The interplay of recombination landscape, a transposable element and population history in European populations of Chironomus riparius

Genome resolution is often constrained for non-model species. This can be challenging for population genomic studies as estimations are highly dependent on the quality of the reference genome. This is the case for population history inferences where accuracy relies on the correct detection of single-nucleotide polymorphisms (SNPs) and accurate recombination rates. Here, we utilize a novel long-read genome assembly of Chironomus riparius with high resolution at a chromosome-scale and reanalyse Illumina resequencing data of five European populations.
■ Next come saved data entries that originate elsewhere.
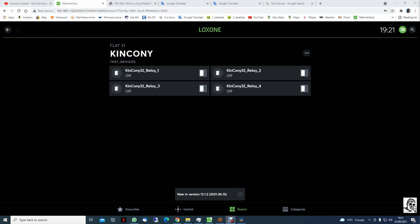Welcome back to my channel. I'm Kalin and this is the second part of the Luxon Limitless with Kincony32 channel's relay extension.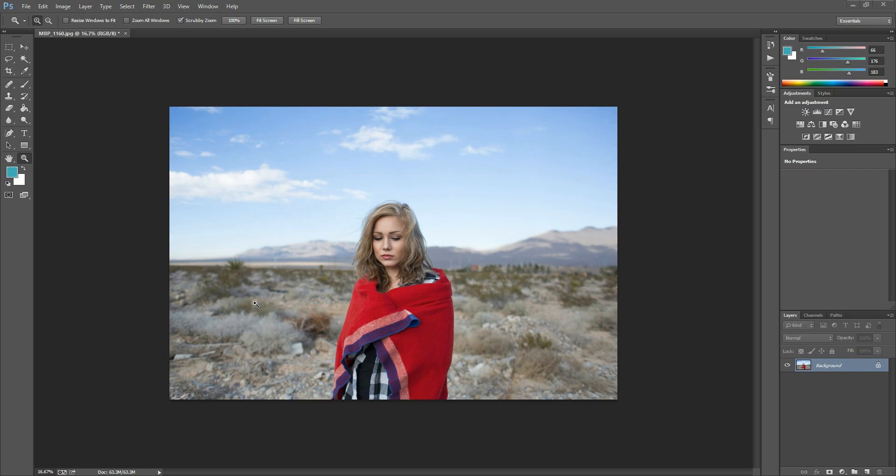Hi there, this is Morgan with Morgan Burke's Photography and Product Shop. Today I'm going to show you a really quick and simple way to clean up dust or lint on fabric.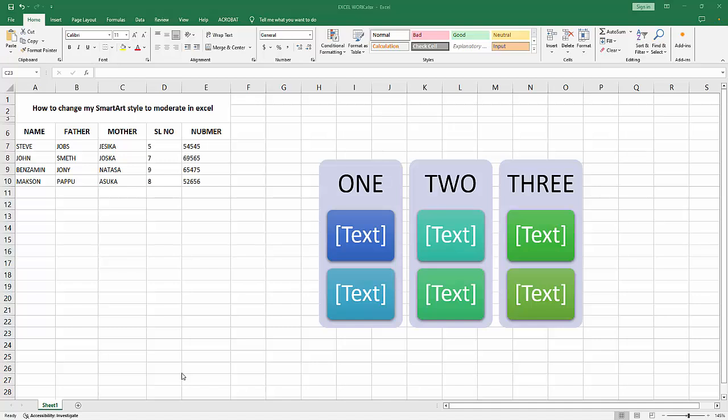Assalamualaikum, hello friends, how are you? Welcome back to my another video. In this video I am going to show you how to change SmartArt style to moderate in Microsoft Excel. Let's get started.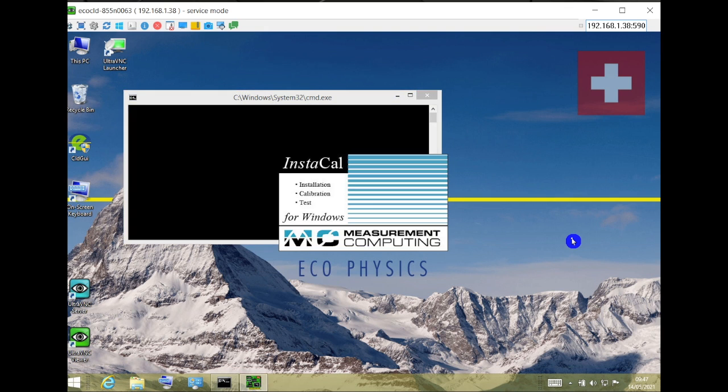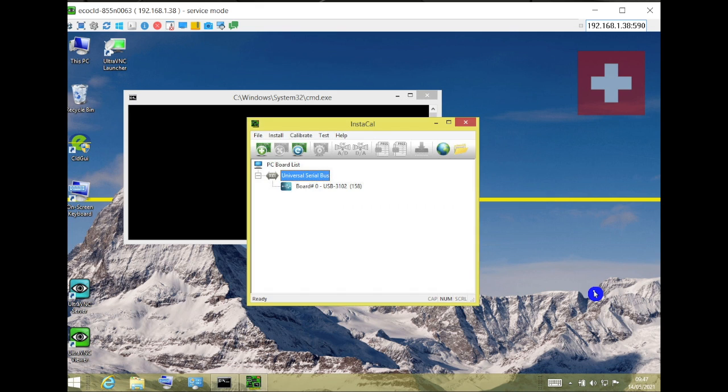The NCLD goes into Windows mode again and shows you that the USB 3102 box is now installed on the analyzer. As soon as you close this window the analyzer launches GUI and goes back to normal operations.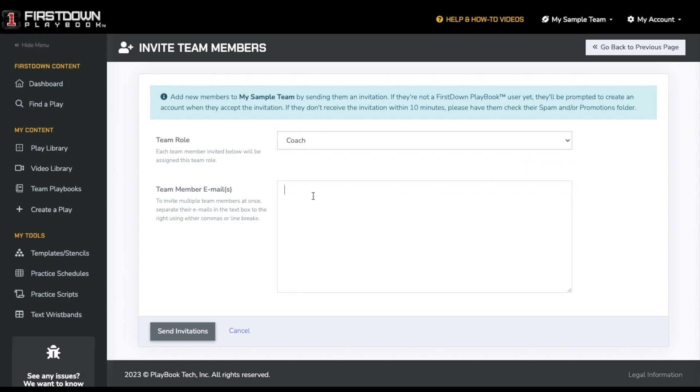At this point, you can input the email of the person or people you want to invite. If you want to send more than one invite at a time, you can add multiple email addresses separated by either a comma or a line break by pressing enter.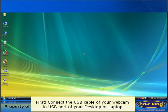First, connect the USB cable of your webcam to the USB port of your desktop or laptop.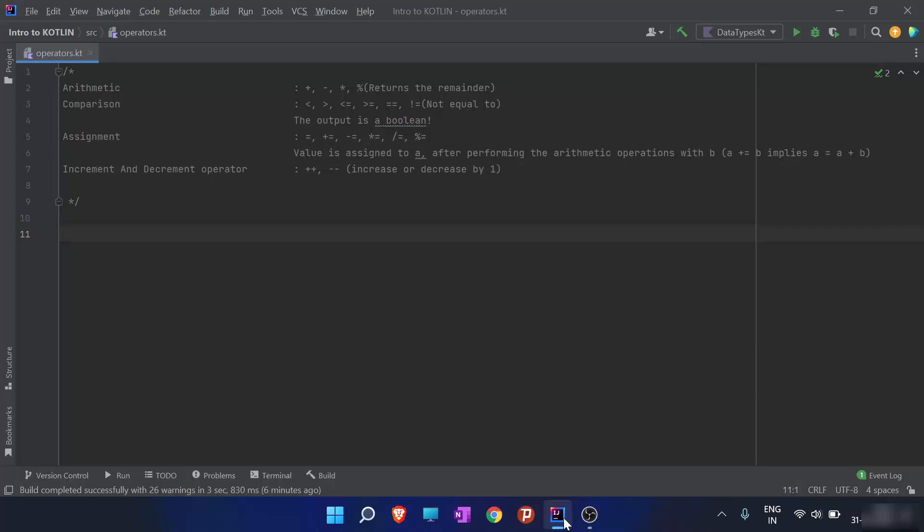In this video we are going to cover the operators in Kotlin. I have already listed the types of operators, and the first type of operators are arithmetic operators.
With the model MSMC2, new population demographies were inferred and compared to an older study based on a fragmented genome. Assembly contiguity and completeness led to an increase in accuracy of past demography, suggesting the onset of divergence of an ancestral population between late Pleistocene and early Holocene. These estimates are additionally supported by paleotemperature data, which reveal significant climate shifts in Central Europe during these times. Recombination severely influences population history estimates. With the new reference genome, it was possible to resolve the recombination landscape on the genome-wide scale across different populations using the tool iSMC. Recombination and the dispersal of transposable elements (TEs) in the genome are suspected to influence each other. One TE, known as Cla -element, is suspected to be involved in the divergence of the different C. riparius populations. As it seems to be highly dynamic in the genome, its potential impact on the recombination landscape was explored. No global pattern could be detected which demonstrated a higher resistance of the recombination landscape to the impact of repetitive elements on genome integrity.